Статья написана 20 января 2023 г. 22:57

(ПРЕДТЕЧИ, НАСЛЕДНИКИ, БУНТОВЩИКИ… — продолжение)

Искатели, копиисты, лоялисты

После войны польские фантасты ориентировались на избирательно переводившуюся американскую новую фантастику и соцреалистическую советскую фантастику. Более поздняя проза братьев Стругацких, Кира Булычева дала нашим автором конструктивный урок литературного бунта.

Царствовал Станислав Лем.

Это он после короткого соцреалистического эпизода предложил не только польскому воображению специфический взгляд на космос, инопланетный разум, проблему случайности и искусственного разума. Он придумал в своих эссе фантоматику, доносил до читателя и высмеивал англосакскую фантастику и футурологию. Знаменитое «Podróż jedenasta/Одиннадцатое путешествие», в котором Ийон Тихий прилетает на планету, где живут люди, выдающие себя за роботов,

и повесть «Kongress Futurologiczny/Футурологический конгресс/»

— это предтечи более поздней социологической фантастики; «Solaris/Солярис»

и «Głos Pana/Глас Господень»

— религиозной.

Из Лема «есть пошли» писатели-ровесники (Кшиштоф Борунь и Анджей Трепка,

Адам Холлянек,

Чеслав Хрущевский,

Стефан Вейнфельд,

Богдан Петецкий),

а также писатели следующего поколения (Конрад Фиалковский,

Януш Зайдель,

Адам Висьневский-Снерг).

Станислав Лем создал мир НФ и установил его законы и правила. Снерг и Зайдель после некоторого периода ученичества модифицировали модель, обогащая ее результатами своих исканий – Снерг добавил философские хлопоты с бытием, Зайдель – навязчивую идею свободы.

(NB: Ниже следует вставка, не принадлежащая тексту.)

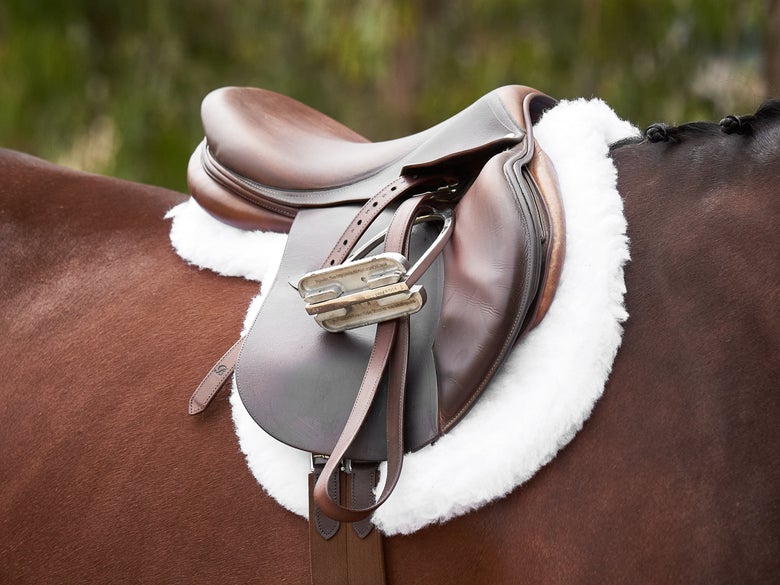 The Bates Stirrup Leathers on a saddle.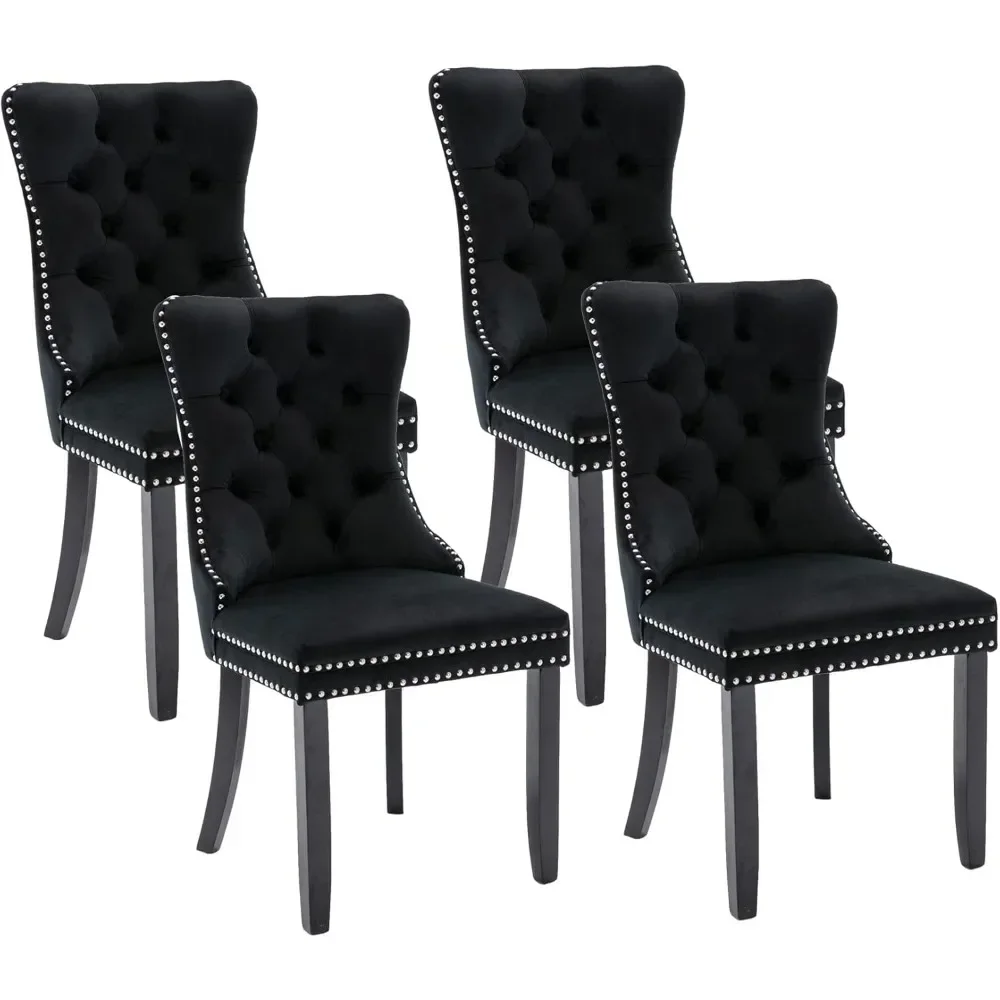 Tufted Dining Chairs ,Dining Chairs with Nailhead Back and Ring Pull Trim, Velvet Upholstered Dining Chairs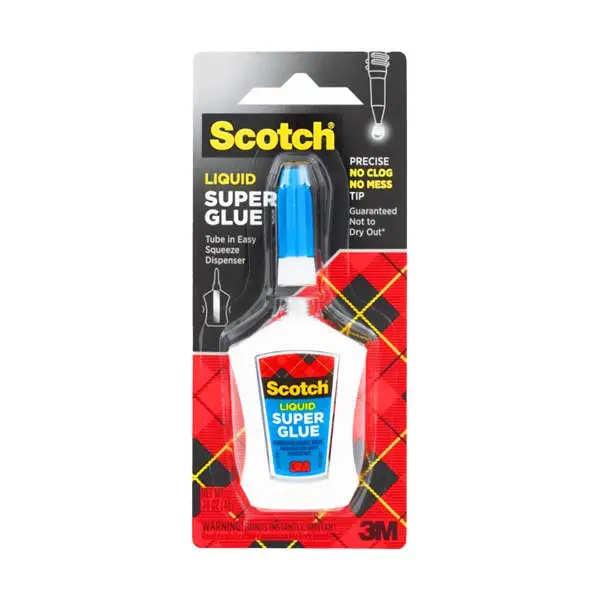 3M Scotch Super Glue Liquid – Precision Applicator Tip, Clog-Resistant Formula, 0.14 oz AD124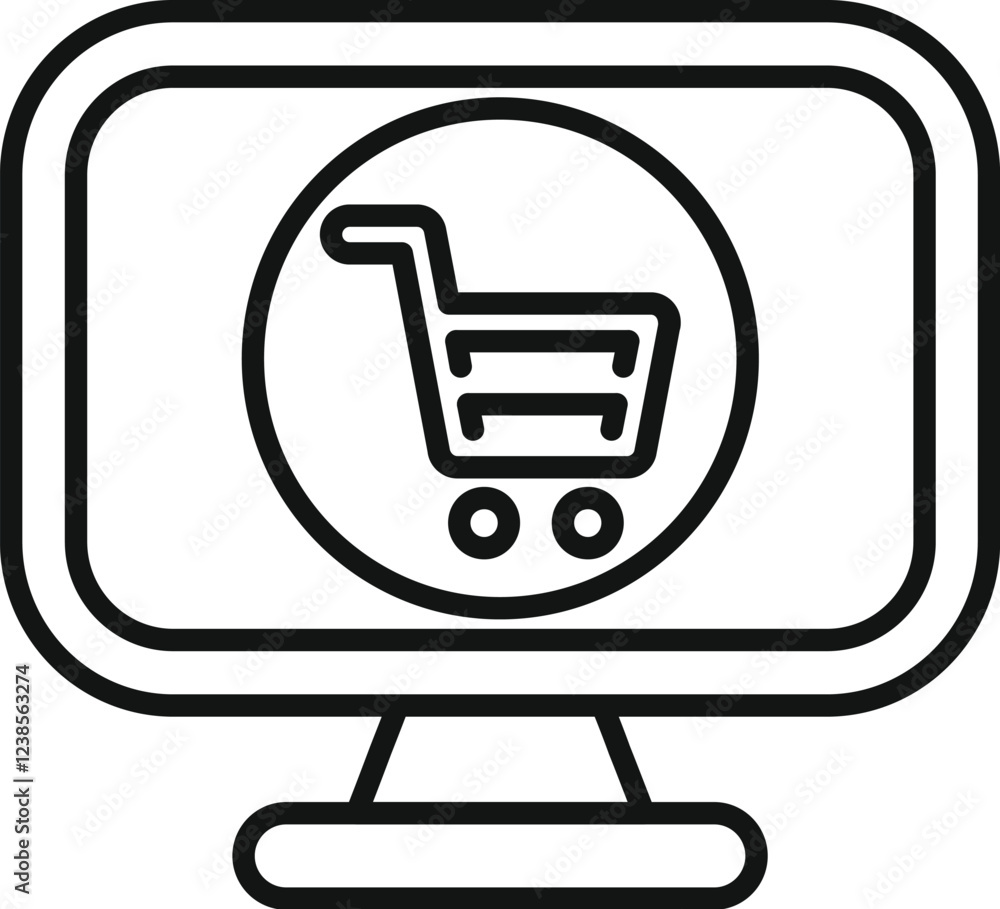 Poster shopping cart symbol displayed on computer monitor representing online retail and e commerce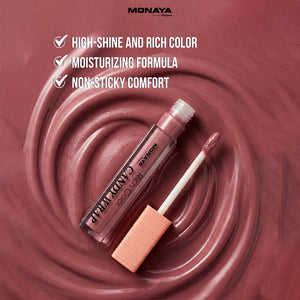Candy Wrap Lip Gloss, 12 Shades, High Shine & Moisturizing, 4.5ml - G012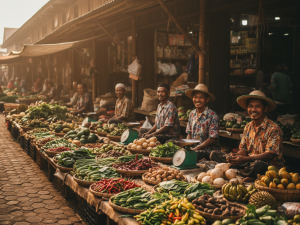 Petani dan pedagang di pasar tradisional Indonesia sedang berinteraksi menjual hasil panen sebagai ilustrasi struktur pasar ekonomi mikro.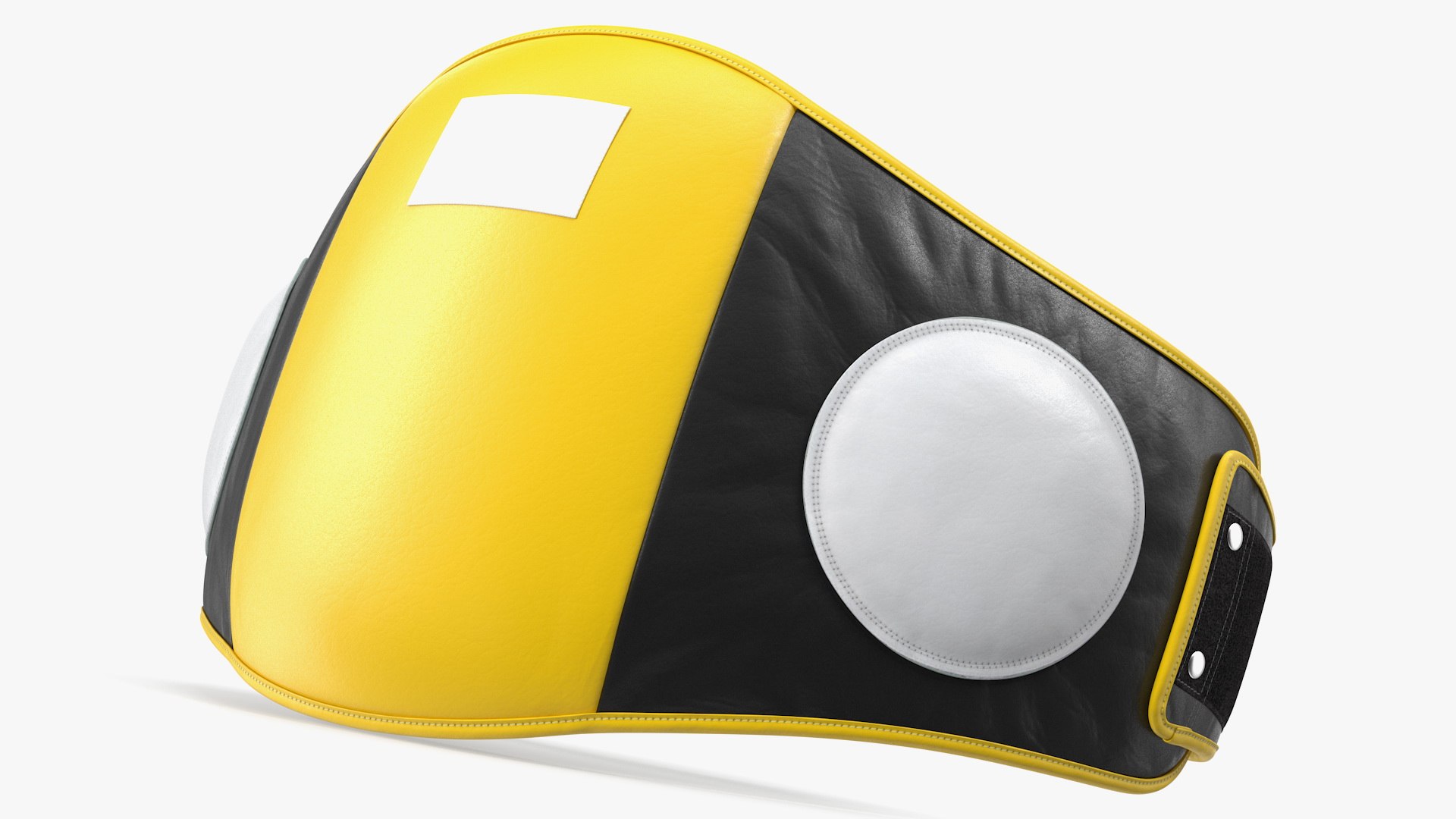 Muay Thai Leather Belly Pad Black Yellow 3D model preview
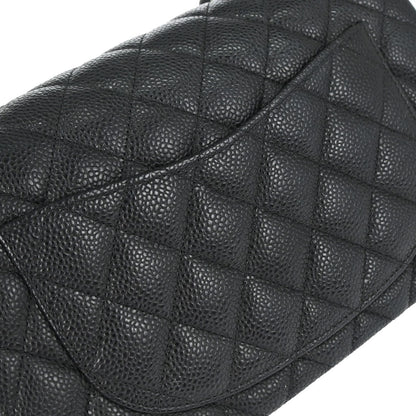 Chanel 2019 Black Caviar Skin Small Classic Double Flap Shoulder Bag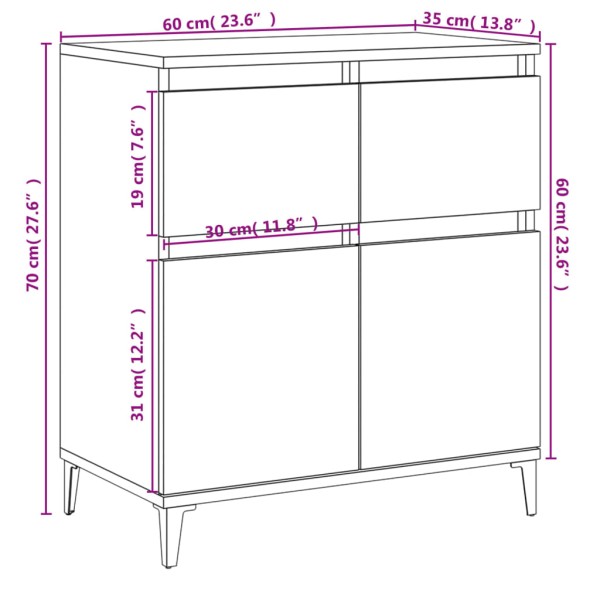 Aparador de madera contrachapada roble Sonoma 60x35x70 cm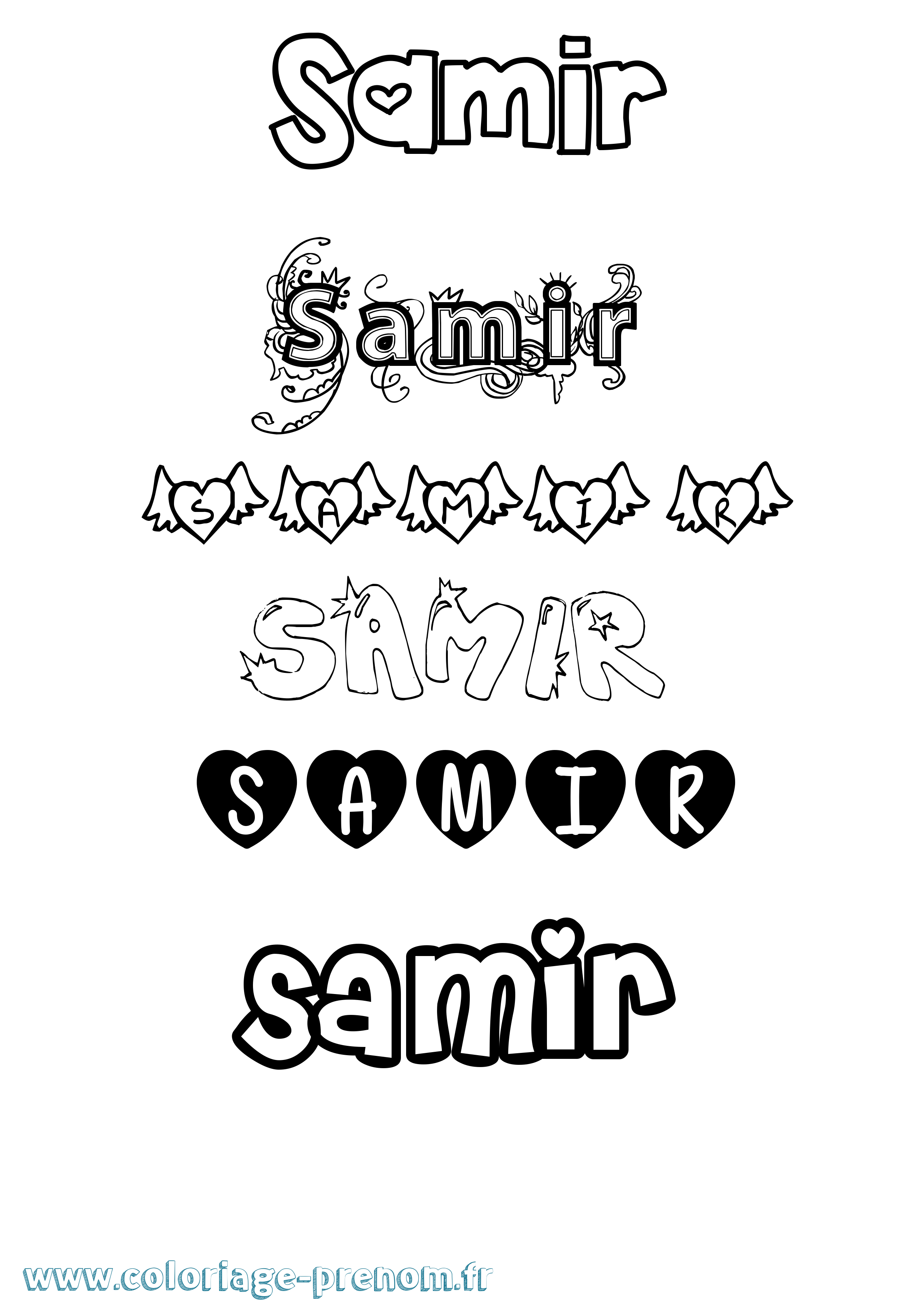 Coloriage prénom Samir Girly
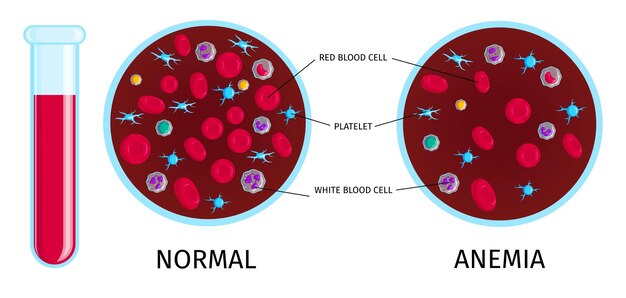 Análisis de sangre con infografía de anemia.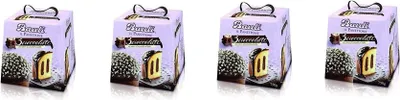 Produktbild von 4x Bauli Panettone 3 Cioccolati mit Milchschokolade Creme 750g Italienisches Backprodukt Kuchen mit Schokolade bedeckt ohne Rosinen und ohne kandierte Früchte Weihnachtstradition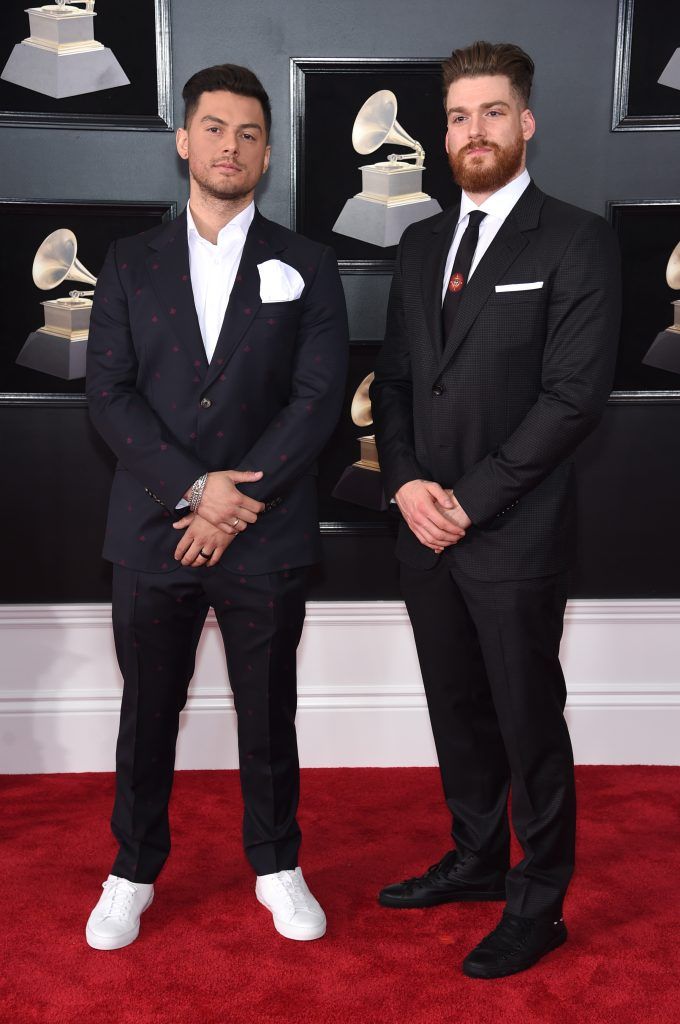 NEW YORK, NY - JANUARY 28:  Leighton James (L) and Christian Srigley of Adventure Club attend the 60th Annual GRAMMY Awards at Madison Square Garden on January 28, 2018 in New York City.  (Photo by Jamie McCarthy/Getty Images)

Внимательно читаемые Кшиштоф Борунь и Анджей Трепка тоже не ограничиваются поддержкой коммуны, прогресса и чудес космической цивилизации. Борунь за четыре десятилетия до фантастики, обратившейся к польским реалиям, публикует смелые рассказы “Koszmar/Кошмар” и “Antyświat/Антимир”.

У Чеслава Хрущевского находим вызывающе сказочное изложение. Богдан Петецкий первым стал развивать космическую оперу.

(Продолжение следует)


Статья написана 19 января 2023 г. 23:13

(ПРЕДТЕЧИ, НАСЛЕДНИКИ, БУНТОВЩИКИ… — продолжение)

Родоначальники и предтечи

В предисловии к антологии «PL+50» Дукай вспоминает о незаконченном, уничтоженном автором «Wizje przyszłości/Видения будущего». Адам Мицкевич,

который в “Дзядах/Dziady”

и “Балладах и романсах/Ballady i romanse”

заложил фундамент польского horror-а, в «Видении…» проявил разносторонний интерес a la Жюль Верн и катастрофическую фантазию в стиле Шпенглера или Виткация.

Предтечей фантастики был также Мечислав Смолярский с его романом “Miasto Światlości/Город Света”,

у которого возможно кое-что одолжил сам Олдос Хаксли для антиутопии «Brave New World/О дивный новый мир».

Сигурд Виснëвский за одиннадцать лет до Герберта Уэллса написал новеллу “Niewidzialny/Невидимый”.

О неоцененном должным образом предвестнике польского horror-а Стефане Грабиньском с уважением писали Кароль Ижиковский и Станислав Лем.

А Владислав Реймонт издал в 1924 году антибольшевистскую, замечательную в литературном отношении повесть “Bunt/Бунт” о восставших животных.

Книга переводилась на английский, поэтому кто знает, не воодушевила ли она Джорджа Оруэлла на написание несколькими годами позже повести «Animal Farm/Скотный двор».

Также наши современные фантасты-социологи имели «предков». В книге “Lem I inne/Лем и другие” Анджей Стофф показывает, что Мицкевич, Реймонт, Прус пытали счастья на ниве фантастики, но в то время не существовало готового эстетического канона, в котором они могли бы выразить свои видения и предостережения.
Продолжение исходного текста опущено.